Information provided:
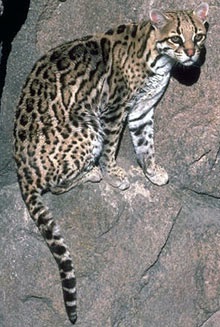 Ocelot (felis pardalis), ocelot (leopardus pardalis), aspect de origine culoare culoare dimensiune ocelot,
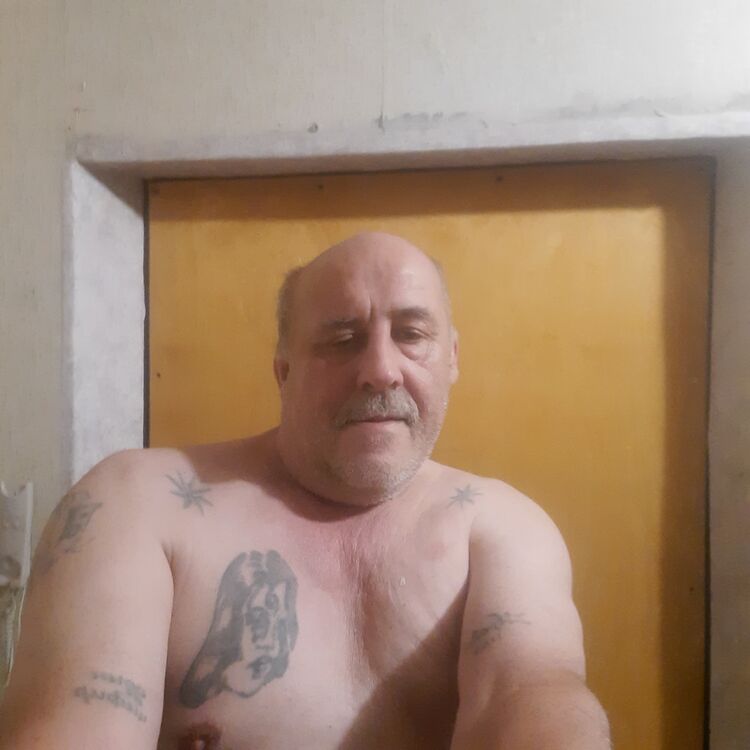  39741514  , 64 ,    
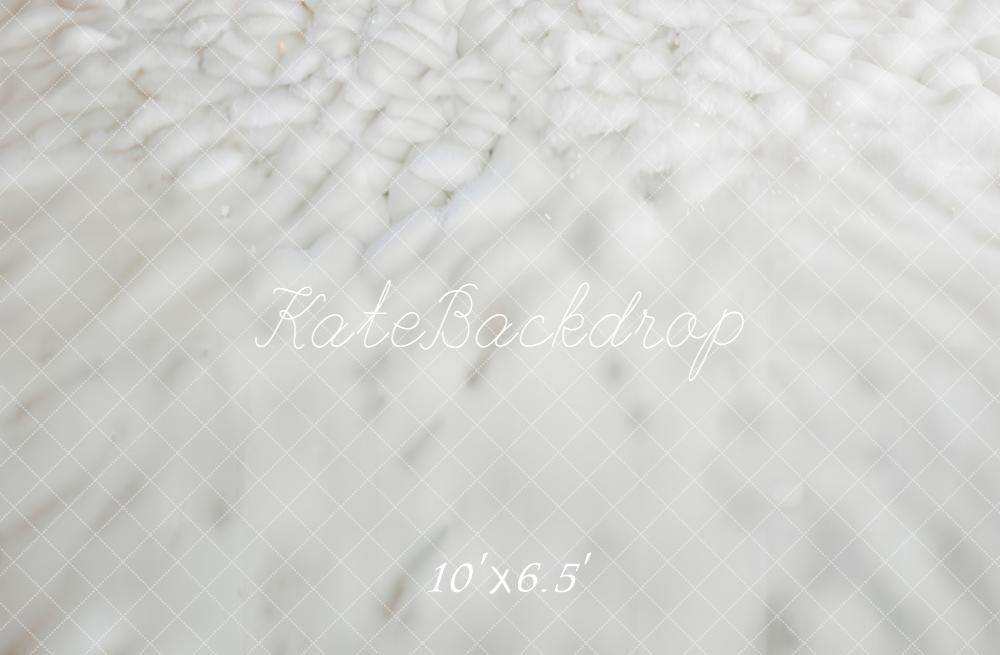 Kate Hiver Neige Blanche Sol Toile de fond conçue par Emetselch - Kate Backdrop FR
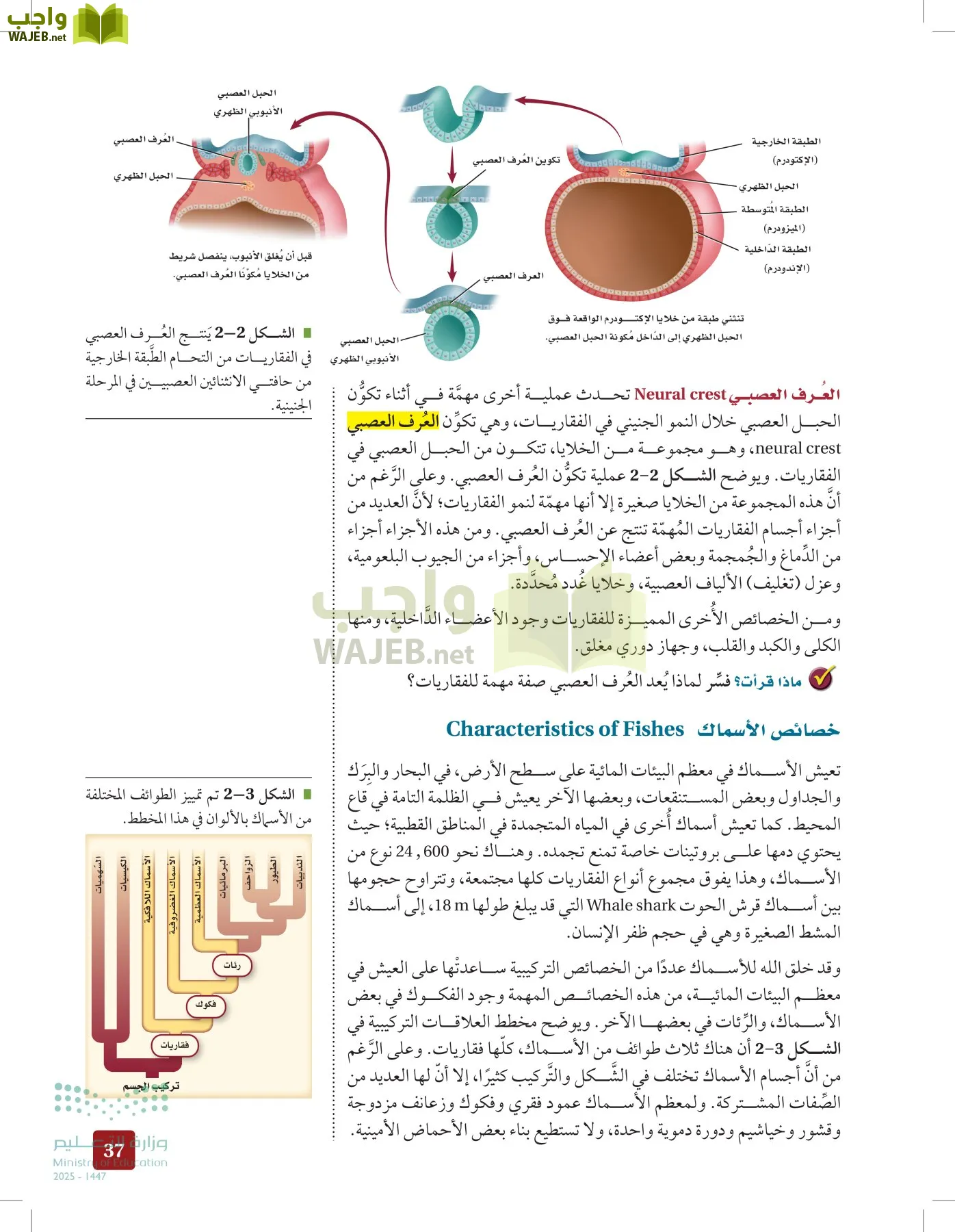 الأحياء 1-2 الفصل الأول page-36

Your goal: Write the material out again exactly. Do not include the pictures.

Written response:
 Ocelot (felis pardalis), ocelot (leopardus pardalis), aspect de origine culoare culoare dimensiune ocelot,
  39741514  , 64 ,    
 Kate Hiver Neige Blanche Sol Toile de fond conçue par Emetselch - Kate Backdrop FR
 الأحياء 1-2 الفصل الأول page-36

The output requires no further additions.